* EXERCISE BRIEF: What is the number of lines in this listing that include "More"? Answer with that number only.

* EXERCISE MATERIAL:
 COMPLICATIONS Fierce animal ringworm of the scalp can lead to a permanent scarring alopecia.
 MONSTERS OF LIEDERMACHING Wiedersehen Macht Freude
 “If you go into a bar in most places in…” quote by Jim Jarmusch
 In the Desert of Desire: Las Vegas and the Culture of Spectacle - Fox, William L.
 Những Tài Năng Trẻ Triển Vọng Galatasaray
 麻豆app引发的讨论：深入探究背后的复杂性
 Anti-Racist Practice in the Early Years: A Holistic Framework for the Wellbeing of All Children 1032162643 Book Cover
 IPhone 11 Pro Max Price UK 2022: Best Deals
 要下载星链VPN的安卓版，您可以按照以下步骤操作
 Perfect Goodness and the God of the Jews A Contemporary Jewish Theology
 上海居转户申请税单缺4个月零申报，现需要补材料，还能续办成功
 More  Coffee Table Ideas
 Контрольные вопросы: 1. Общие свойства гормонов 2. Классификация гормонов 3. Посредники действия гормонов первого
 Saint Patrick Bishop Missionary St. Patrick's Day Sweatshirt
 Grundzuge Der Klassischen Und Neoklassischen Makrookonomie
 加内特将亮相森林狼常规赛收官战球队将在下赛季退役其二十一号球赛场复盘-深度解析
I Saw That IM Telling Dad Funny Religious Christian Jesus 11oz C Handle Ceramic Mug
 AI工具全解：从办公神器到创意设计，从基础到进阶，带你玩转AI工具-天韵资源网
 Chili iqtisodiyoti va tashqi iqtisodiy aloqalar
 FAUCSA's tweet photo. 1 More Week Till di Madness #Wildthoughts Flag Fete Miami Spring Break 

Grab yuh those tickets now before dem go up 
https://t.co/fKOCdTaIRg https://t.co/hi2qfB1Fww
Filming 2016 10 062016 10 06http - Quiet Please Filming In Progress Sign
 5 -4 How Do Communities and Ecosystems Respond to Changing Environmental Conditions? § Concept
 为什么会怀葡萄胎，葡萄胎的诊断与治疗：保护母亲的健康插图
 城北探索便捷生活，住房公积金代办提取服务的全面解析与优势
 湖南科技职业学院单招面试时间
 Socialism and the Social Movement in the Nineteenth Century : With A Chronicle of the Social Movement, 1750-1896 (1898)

* RESULT OF THE EXERCISE: 2